Think again, where have we all wished the designers of height barriers, traffic wardens and enforcers of speed limits would go :?: 

I rest my case


----------



## spykal (May 9, 2005)

That's it then, I'm buggered...all I can hope for is a second chance in Purgatory

:blob6: Mike :blob6:


----------



## 90473 (May 1, 2005)

:lol: I'll get the first round in then (not if, but when I see you)


----------



## 89022 (May 12, 2005)

costs of MH-ing.......

I don't want to know, and if I don't know I can't tell the wife when she asks.
Better be ignorant than worrying what my hobby costs.

sorry.....

Leo


----------



## peejay (May 10, 2005)

Good answer Leo!

and...

spykal wrote;



> That's it then, I'm buggered...


you will be, when you get 'down there'.

pete.


----------



## 88735 (May 9, 2005)

I mentioned this posting to Brenda,who laughed and then went
on to tell of a chap we had bumped into while we away on one of
our trips, and he said he had worked out the cost at £36/week
while they travelled from March till October they shut up their home 
and camped wild.
So if you take away what it would cost to run their house they would
probably be able to bank a few quid.
This couple were elderly and probably on a tight budget so it made
sense to live in their m/h most of the year as it was cheaper than running a house.


----------



## peedee (May 10, 2005)

Very true Bauldy, but I almost forgot that my post was meant to be a comparison with other types of holiday. You would save these whatever type of holiday you had away from home. Similarly you can ignore food cost when comparing to other types of self catering holiday.

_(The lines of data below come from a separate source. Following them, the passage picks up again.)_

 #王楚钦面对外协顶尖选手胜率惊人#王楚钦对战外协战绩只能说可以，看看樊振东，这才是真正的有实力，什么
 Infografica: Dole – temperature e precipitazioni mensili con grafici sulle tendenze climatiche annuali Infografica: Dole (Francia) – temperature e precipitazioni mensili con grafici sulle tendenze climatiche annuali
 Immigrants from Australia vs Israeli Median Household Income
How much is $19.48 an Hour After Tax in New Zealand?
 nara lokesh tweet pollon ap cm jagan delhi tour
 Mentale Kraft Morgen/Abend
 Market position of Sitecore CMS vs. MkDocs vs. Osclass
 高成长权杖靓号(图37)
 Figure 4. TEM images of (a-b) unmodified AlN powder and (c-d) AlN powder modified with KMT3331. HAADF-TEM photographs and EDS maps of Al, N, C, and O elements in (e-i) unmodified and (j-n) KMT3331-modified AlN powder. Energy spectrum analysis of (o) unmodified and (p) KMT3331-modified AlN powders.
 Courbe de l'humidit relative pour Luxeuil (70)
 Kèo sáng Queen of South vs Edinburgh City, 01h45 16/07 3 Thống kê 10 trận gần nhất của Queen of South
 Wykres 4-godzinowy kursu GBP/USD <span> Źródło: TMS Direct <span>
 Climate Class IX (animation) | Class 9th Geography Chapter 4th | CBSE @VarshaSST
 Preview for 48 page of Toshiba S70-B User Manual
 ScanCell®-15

One thing I did not take into account is the cost of finance if money is borrowed to purchase your motorhome. In the motor trade all the cost are expressed as a percentage of the purchase price over the first three years. Of course there isn't a night stop cost but the*average* breakdown of car costs are not too dissimilar if I turn mine into percentages.

peedee


----------



## Anonymous (Nov 10, 2000)

Cor my heads spinning. There's far too many variables to take into account. If we didn't have the motorhome we would spend a lot more time at home, it doesn't just replace the annual holiday but gives us lots of holidays & weekends away every year. Food would be little different whether at home, in self catering apartment or in the van. Booze would be a lot more at home or in an apartment/hotel as I'd have to pay pub/hotel prices rather than share a bottle or two with friends. We've stayed this year at places costing from free to about £16 per night, would take a while to work out an average. It would be a lot cheaper to use the car & a tent, but not so cosy or convenient, & winter trips would be out.
What price can you put on the experiences we have had compared to other families who stay at home all year & go away once for a 2 week package? I know my kids have friends who are jealous of our many "holidays" and of the things they have seen & done. And they are getting to know their own country's geography better.
To hell with the figures, life is too short! :?


----------



## 89429 (May 23, 2005)

I liken my hobby to the reply given to "gentlemen" who wished to buy a Rolls Royce and asked what it cost. "if you have to ask you cannot afford it"
My motorhome is my getaway from all the day to day niggles of life.
Mind you without it the NHS would pick up my day to day costs because I would be in an institution. Actually I am in one of those as well I'm married 8O . But sa the saying goes you cannot be in two places at one time.


----------



## peedee (May 10, 2005)

Caz said:


> To hell with the figures, life is too short! :?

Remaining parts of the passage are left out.